Die Story wird von Beginn an sehr dicht erzählt, die schwierigen manchmal kaum zu ertragenden Schilderungen der Lebensumstände, unter den Lotte heranwächst und sich behaupten muss, nehmen einen von der ersten Minute an gefangen. Immer wieder gibt es in der fast zehnstündigen Geschichte Momente, die den Hörer um das Leben von Lotte zittern lassen. Dazu kommen immer wieder neue Wendungen, die das Publikum zu überraschen wissen und zum Mitfiebern einladen.
Ein großes Kompliment gebührt der wirklich gelungenen Figurenzeichnung dieses Hörbuchs. Die Zerrissenheit der Hauptfigur, die sich ja nicht nur auf den inneren Zwiespalt, sondern auch die äußerliche Erscheinung bezieht, wird glaubhaft und in die Tiefe gehend geschildert und lässt sicherlich niemand wirklich kalt. Dazu gesellen sich weitere spannende Charaktere, die in all ihren Facetten niemals nur schwarz oder weiß sind, sondern in den Grautönen variieren. Das Böse allerdings ist hier als absolut dargestellt und seine Vertreter sind von Niedertracht gezeichnete Individuen.

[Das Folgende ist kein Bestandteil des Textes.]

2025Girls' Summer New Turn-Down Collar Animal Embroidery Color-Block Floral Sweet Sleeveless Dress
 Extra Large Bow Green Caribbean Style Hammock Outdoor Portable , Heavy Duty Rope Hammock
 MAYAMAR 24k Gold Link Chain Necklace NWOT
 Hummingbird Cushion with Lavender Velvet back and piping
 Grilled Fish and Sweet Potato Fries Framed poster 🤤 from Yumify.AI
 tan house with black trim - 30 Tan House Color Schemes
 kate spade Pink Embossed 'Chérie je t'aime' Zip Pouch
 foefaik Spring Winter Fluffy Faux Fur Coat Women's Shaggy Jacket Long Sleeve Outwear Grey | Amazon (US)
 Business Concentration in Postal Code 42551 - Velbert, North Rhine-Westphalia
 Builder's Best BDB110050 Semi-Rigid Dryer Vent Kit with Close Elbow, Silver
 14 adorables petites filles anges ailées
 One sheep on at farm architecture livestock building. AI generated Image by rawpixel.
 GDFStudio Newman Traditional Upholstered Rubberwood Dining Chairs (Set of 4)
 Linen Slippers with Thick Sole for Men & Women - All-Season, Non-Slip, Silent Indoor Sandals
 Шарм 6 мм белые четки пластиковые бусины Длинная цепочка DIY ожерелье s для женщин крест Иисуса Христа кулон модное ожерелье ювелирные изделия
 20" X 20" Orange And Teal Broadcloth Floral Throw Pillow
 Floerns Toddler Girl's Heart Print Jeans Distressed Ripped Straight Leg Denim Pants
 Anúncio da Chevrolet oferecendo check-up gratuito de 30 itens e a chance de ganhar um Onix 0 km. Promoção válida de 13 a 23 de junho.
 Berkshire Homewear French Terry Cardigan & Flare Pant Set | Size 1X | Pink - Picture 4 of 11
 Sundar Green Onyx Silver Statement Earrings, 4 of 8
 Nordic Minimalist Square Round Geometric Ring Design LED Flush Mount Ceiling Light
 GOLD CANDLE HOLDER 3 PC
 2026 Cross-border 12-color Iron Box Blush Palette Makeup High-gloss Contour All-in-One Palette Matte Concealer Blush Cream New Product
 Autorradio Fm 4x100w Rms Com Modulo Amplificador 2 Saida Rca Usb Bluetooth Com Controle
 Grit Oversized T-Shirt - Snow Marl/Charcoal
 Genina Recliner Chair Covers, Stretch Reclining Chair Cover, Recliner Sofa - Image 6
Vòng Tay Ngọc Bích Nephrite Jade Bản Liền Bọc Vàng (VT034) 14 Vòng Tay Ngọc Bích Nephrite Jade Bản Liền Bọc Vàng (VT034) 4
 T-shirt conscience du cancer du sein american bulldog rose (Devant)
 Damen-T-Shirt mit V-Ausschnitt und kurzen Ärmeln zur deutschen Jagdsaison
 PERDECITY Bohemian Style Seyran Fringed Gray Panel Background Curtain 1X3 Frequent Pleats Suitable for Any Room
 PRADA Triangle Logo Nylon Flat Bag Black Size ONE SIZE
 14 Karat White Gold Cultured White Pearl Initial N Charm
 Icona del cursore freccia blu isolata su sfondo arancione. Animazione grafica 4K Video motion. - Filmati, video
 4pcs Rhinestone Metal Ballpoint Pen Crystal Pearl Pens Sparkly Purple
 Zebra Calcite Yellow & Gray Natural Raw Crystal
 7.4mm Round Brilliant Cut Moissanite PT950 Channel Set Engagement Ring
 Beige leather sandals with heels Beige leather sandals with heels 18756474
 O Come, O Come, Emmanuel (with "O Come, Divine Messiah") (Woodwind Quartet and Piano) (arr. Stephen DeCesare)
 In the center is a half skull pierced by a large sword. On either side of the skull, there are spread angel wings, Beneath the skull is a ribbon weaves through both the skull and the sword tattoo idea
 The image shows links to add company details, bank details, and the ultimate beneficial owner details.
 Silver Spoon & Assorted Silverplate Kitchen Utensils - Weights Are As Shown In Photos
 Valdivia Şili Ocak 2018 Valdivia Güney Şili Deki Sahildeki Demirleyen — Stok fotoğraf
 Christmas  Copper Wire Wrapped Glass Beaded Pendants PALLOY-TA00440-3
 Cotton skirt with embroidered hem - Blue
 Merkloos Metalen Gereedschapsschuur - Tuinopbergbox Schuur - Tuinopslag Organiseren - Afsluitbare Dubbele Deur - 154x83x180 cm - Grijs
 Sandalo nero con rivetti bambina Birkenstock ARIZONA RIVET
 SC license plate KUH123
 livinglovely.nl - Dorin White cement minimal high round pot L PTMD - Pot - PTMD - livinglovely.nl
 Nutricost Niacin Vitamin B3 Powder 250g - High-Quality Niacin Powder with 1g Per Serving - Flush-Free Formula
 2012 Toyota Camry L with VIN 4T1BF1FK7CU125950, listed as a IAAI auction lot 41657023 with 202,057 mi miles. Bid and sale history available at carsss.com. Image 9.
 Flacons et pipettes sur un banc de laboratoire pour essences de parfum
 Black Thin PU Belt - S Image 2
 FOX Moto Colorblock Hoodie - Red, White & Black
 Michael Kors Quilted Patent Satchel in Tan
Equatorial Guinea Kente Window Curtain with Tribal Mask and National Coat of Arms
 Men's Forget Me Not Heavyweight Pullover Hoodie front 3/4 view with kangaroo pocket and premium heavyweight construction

Immer wieder werden kurze Musikstücke in die Geschichte eingeflochten, die äußerst stimmungsvoll ausfallen und eine ganz eigene Atmosphäre eines vergangenen Jahrhunderts auferstehen lassen. An dieser Stelle wurde großes Fingerspitzengefühl bewiesen, was man sich viel öfter wünschen würde, anstatt immer wieder dieselben Kompositionen in einem Hörspiel zu verwenden. Insgesamt wird die beeindruckende Laufzeit von über zehn Stunden von vier Sprechern bewältigt, wobei der Löwenanteil von Stephanie Kellner in der Rolle der Lotte bestritten wird. So schildert sie nicht nur die Gefühls- und Gedankenwelt ihrer Figur, sondern auch die Ereignisse und eine Vielzahl der Dialoge. Diese nicht immer einfache Aufgabe wird sehr lebendig und mit Bravour gelöst.
Weitere Passagen werden von Thomas Schmuckert als Dorian Hunter, Stefan Krause als Olivaro und Alexander Turrek als Baron de Conde bestritten, die ebenfalls ihr Können unter Beweis stellen und der Arbeit von Stephanie Kellner in nichts nachstehen. "Die Inquisitorin" präsentiert sich in jeder Hinsicht als lohende Ergänzung und Fortführung der Hauptserie und legt nebenbei mal eben eine der wirklich nervenaufreibendsten und atmosphärisch überzeugendsten Hörbuchadaptionen des Jahres vor. Ich hoffe man entschließt sich dazu, dem Testballon weitere Episoden folgen zu lassen, wenn sie eine derartig hohe Qualität aufweisen wie im vorliegenden Fall.